GCP IAM Integration for LitmusChaos with Workload Identity
In this blog, we’ll take a look at how to do a GCP IAM integration for LitmusChaos using Workload Identity for executing the GCP experiments in a keyless manner when using the Google Kubernetes Engine (GKE) as the execution plane.
Introduction
To execute LitmusChaos GCP experiments, one needs to authenticate with GCP using a service account before trying to access the target resources. Usually, you have only one way of providing the service account credentials to the experiment, using a service account key, but if you’re using a GKE cluster you have a keyless medium of authentication as well. Therefore you have two ways of providing the service account credentials to your GKE cluster:
- Using Secrets: As you would normally do, you can create a secret containing the GCP service account in your GKE cluster, which gets utilized by the experiment for authentication to access your GCP resources.
- IAM Integration: When you’re using a GKE cluster, you can bind a GCP service account to a Kubernetes service account as an IAM policy, which can be then used by the experiment for keyless authentication using GCP Workload Identity. We’ll discuss more on this method in the following sections.
Why use Workload Identity for GCP authentication?

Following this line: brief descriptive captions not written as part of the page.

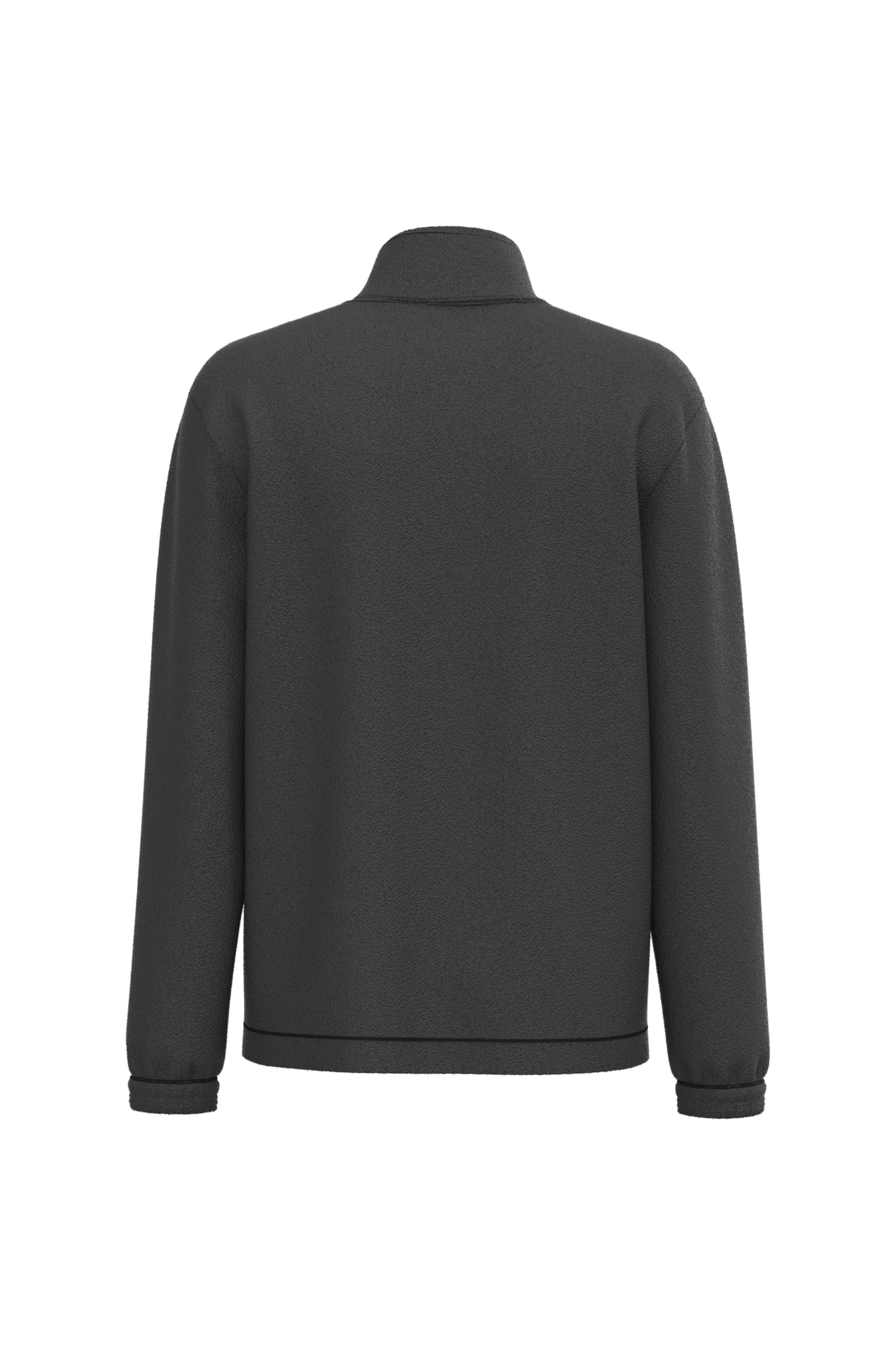 GDTXK940 Dark Grey BACK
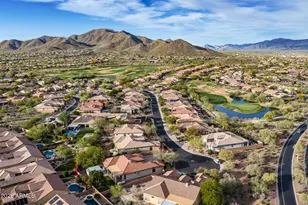 1529 W Laurel Greens Ct, Phoenix, AZ 85086 - Photo 55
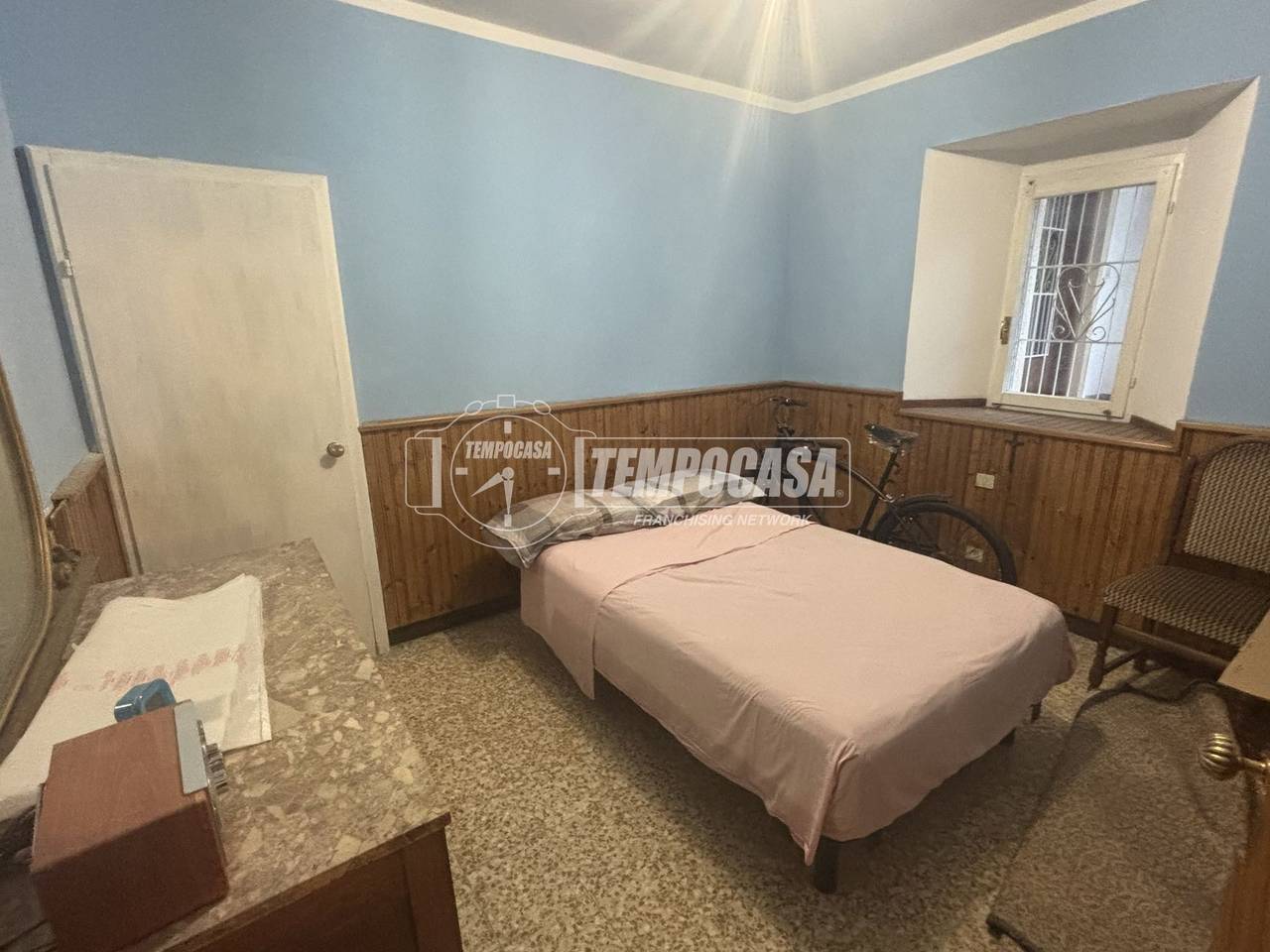 immagine annuncio 6 di 12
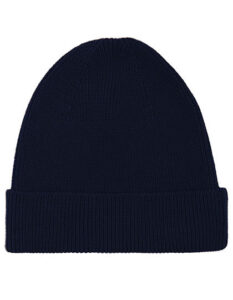 Beanie 1×1 Rib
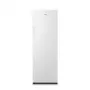 Gorenje FN4172CW Upright freezer Brīvi stāvoša 194 L Balta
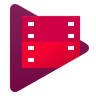 Google Play Movies & TV (Daydream) 4.2.6.13 (Android 4.4+)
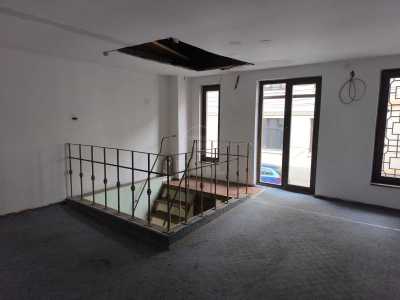 Spațiu comercial de vânzare 7 incaperi, SCCJ338516-4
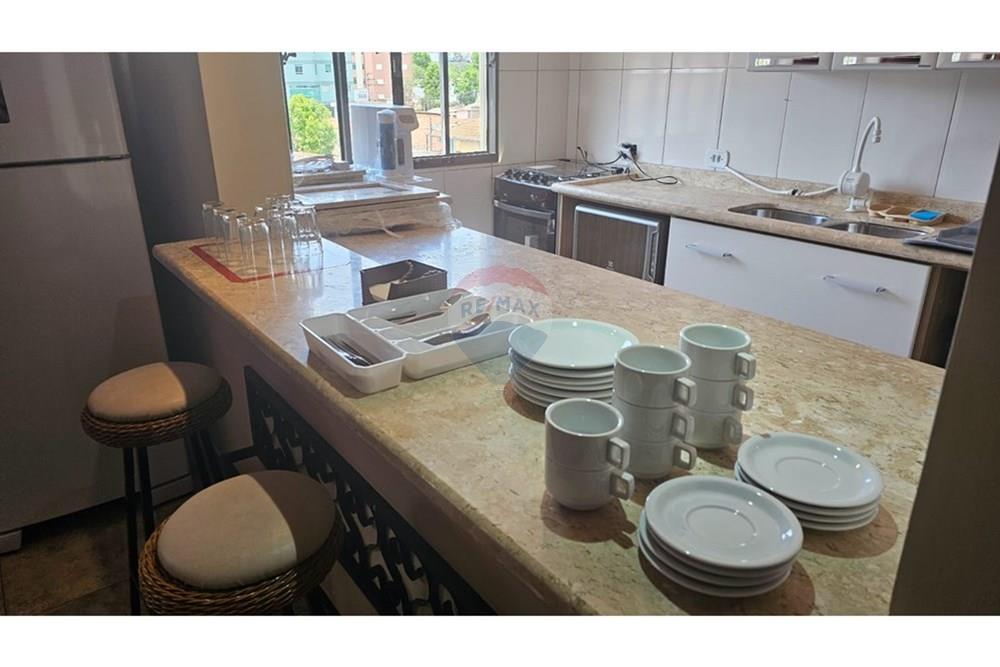 Studio - Alugar - São Roque , São Paulo - WhatsApp Image 2026-03-02 at 10.28.15.jpeg - 631601019-39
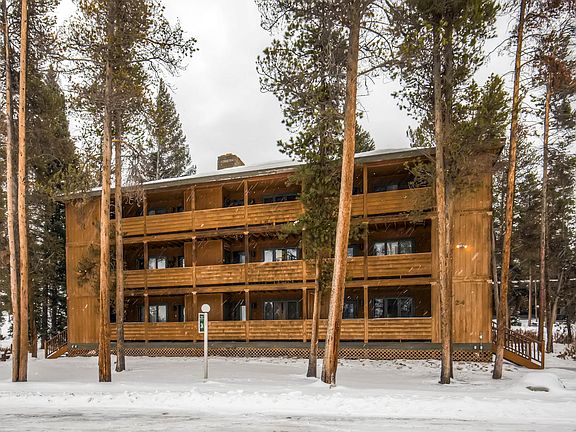 5th image of 480 Hi Country Dr #24-3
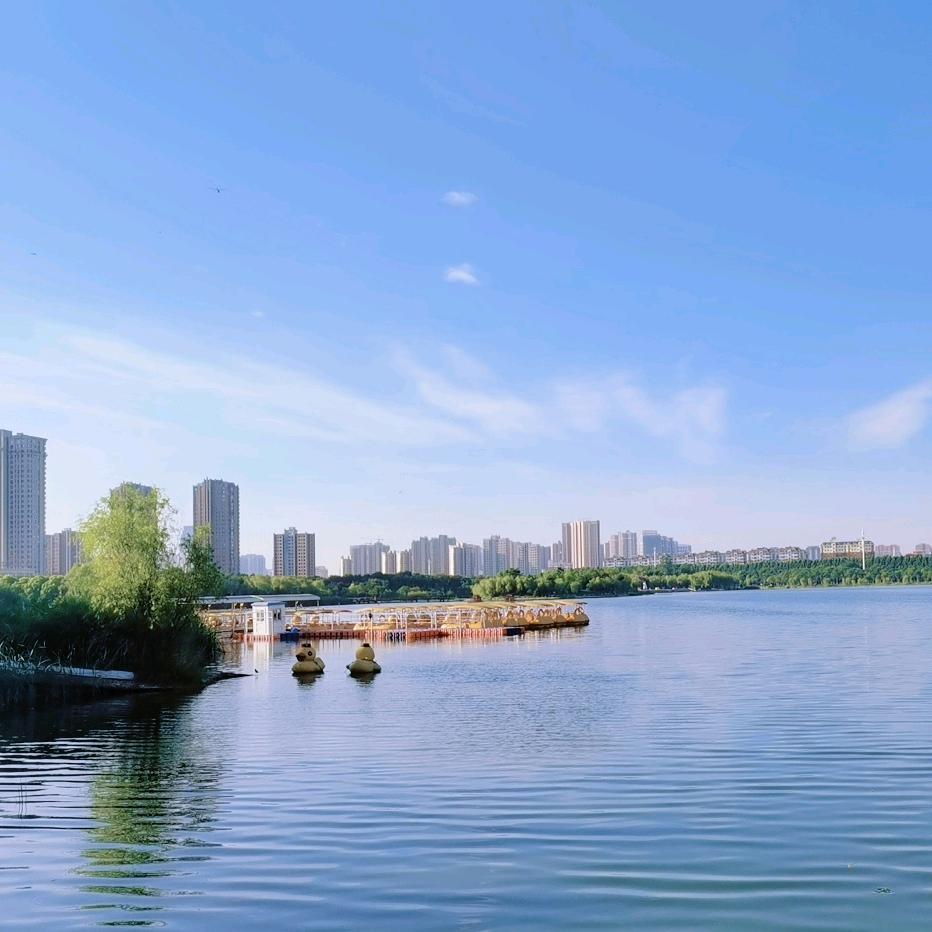 蔚蓝海岸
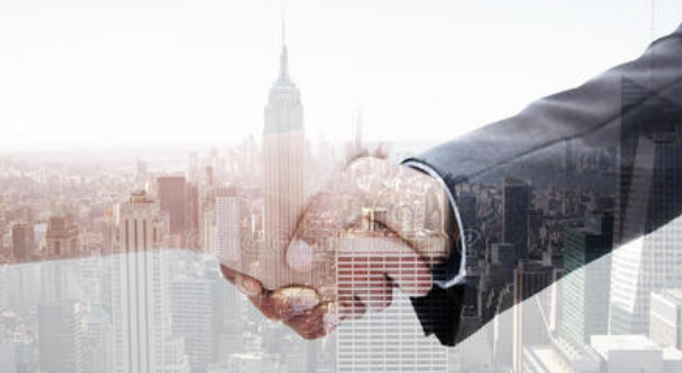 b3c06aefd2.png 圖片6.png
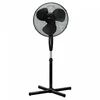 Ventiliatorius Clatronic VL 3603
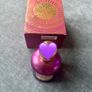 Womens Fragrance Paris Corner Image 2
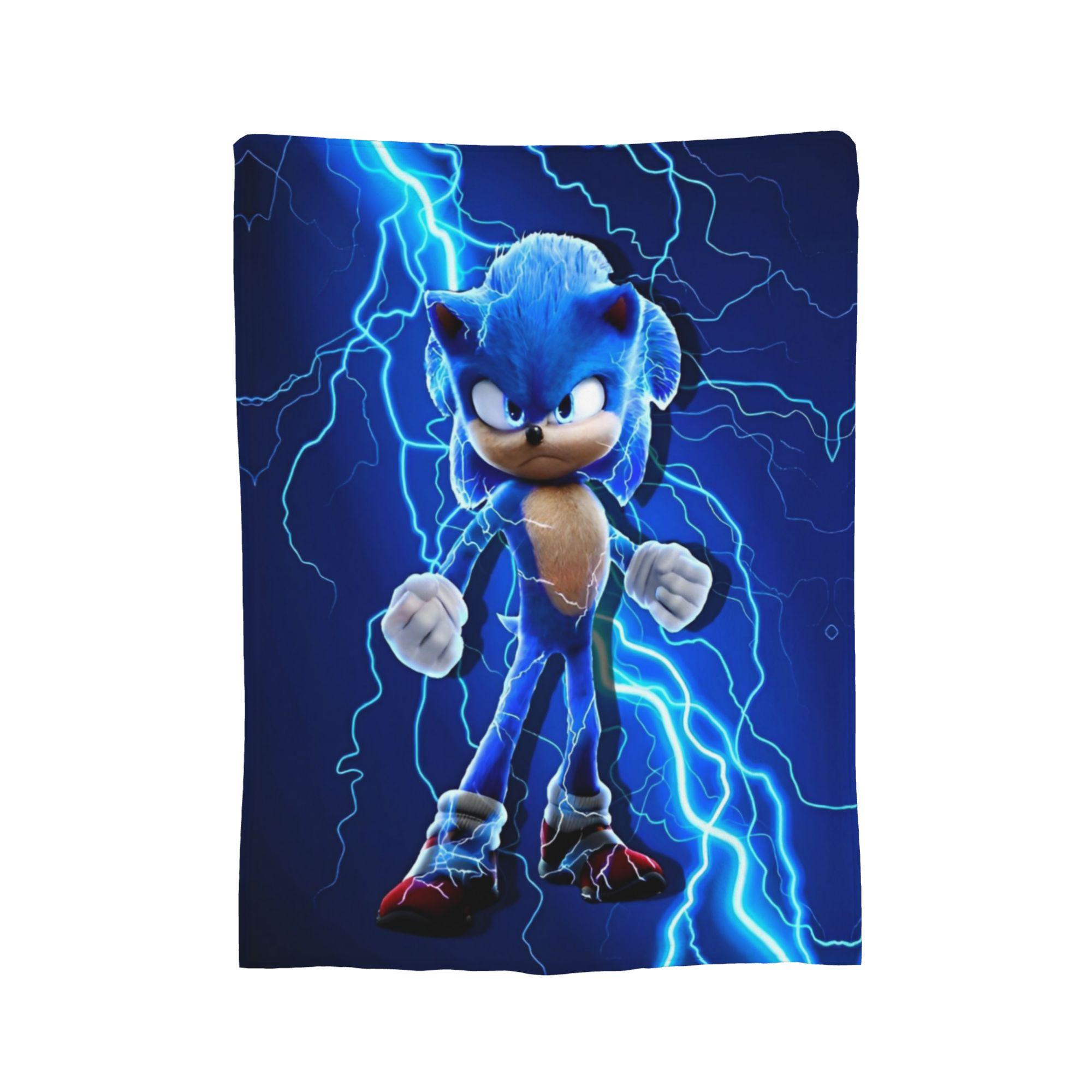 

Sonices Blanket Cover Wool Throw Blanket Home Couch Personalised Ultra-Soft Warm Bedspreads, 150x200cm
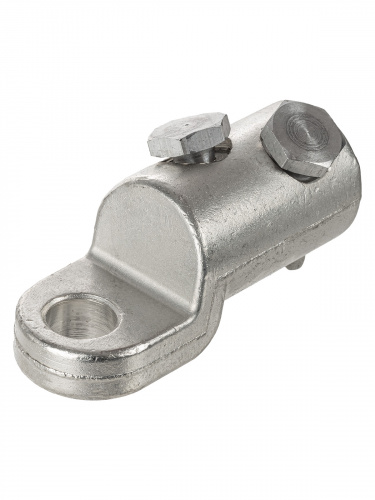 Наконечник 2НБЛ-150/240-10кВ TDM (6/48) (SQ0553-0403) фото 3 Наконечник 2НБЛ-150/240-10кВ TDM (6/48) (SQ0553-0403) фото 3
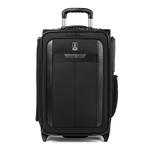 Travelpro® Pilot™ Expandable Carry-On Rollaboard®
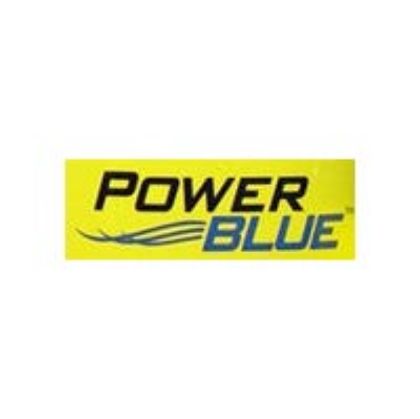 Picture for manufacturer Power Blue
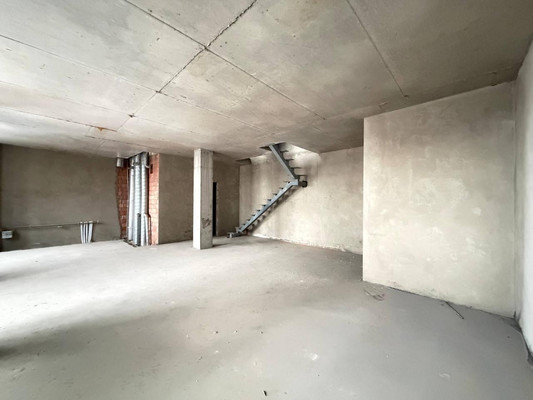 Купить 4-комнатную квартиру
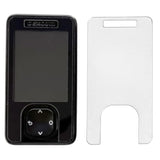 6H Tough Tpu Screen Protector For Dexcom G7 Receiver Pdm - Won'T Crack Or Chip - Anti-Scratch Anti-Fingerprint - 2 Pack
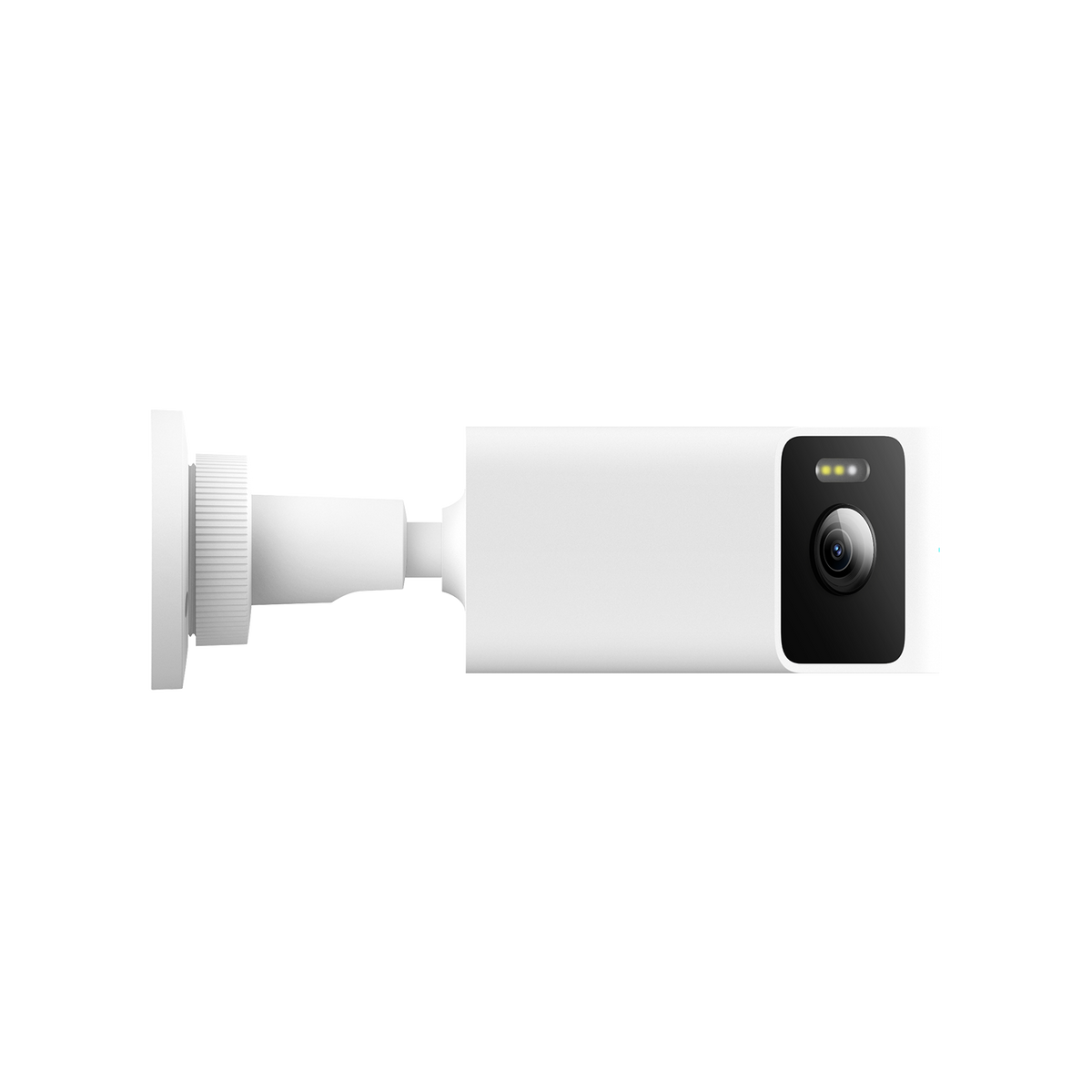 Xiaomi ulkokamera CW100 Dual EU C-luokka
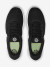 Кросівки чоловічі Nike Tanjun NN - фото №4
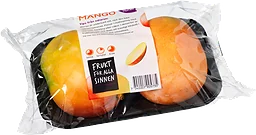 Mango Ätmogen 2-pack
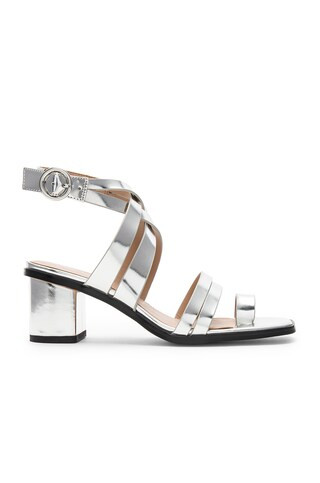 Erica Sandal | Revolve Clothing (Global)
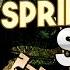 SPRINGTRAP SONG By ITownGamePlay Five Nights At Freddy S 3 Canción FNAF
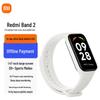 Умный фитнес-трекер Xiaomi Redmi Band 2 (Китайская версия)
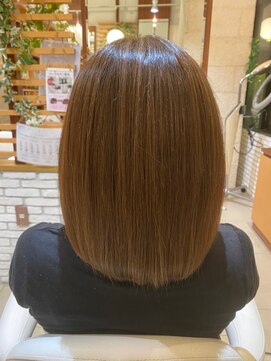 オレンジスター(ORANGE STAR) サイエンスアクア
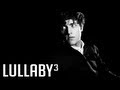 Lullaby³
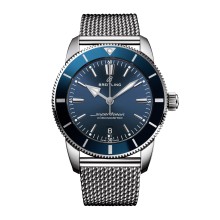 Superocean Héritage II B20 Automatic 44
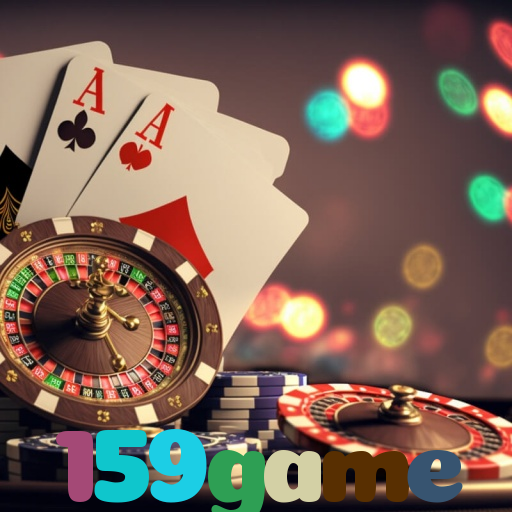 A Magia dos Jogos de Fantasia na 159game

A Google API request can be made using a GCP IAM service account, which is an identity that an application uses to make calls to Google APIs. You might create individual IAM service accounts for the users who execute GCP experiments to enforce role-based access control, then download and save the keys as a Kubernetes secret that you manually rotate. Not only is this time-consuming, but service account keys only last ten years (or until you manually rotate them). An unaccounted-for key could give an attacker extended access in the event of a breach or compromise. Using service account keys as secrets is not an optimal way of authenticating GKE workloads due to this potential blind spot and the management cost of key inventory and rotation.
Workload Identity allows you to restrict the possible “blast radius” of a breach or compromise while enforcing the principle of least privilege across your environment. It accomplishes this by automating workload authentication best practices, eliminating the need for workarounds, and making it simple to implement recommended security best practices.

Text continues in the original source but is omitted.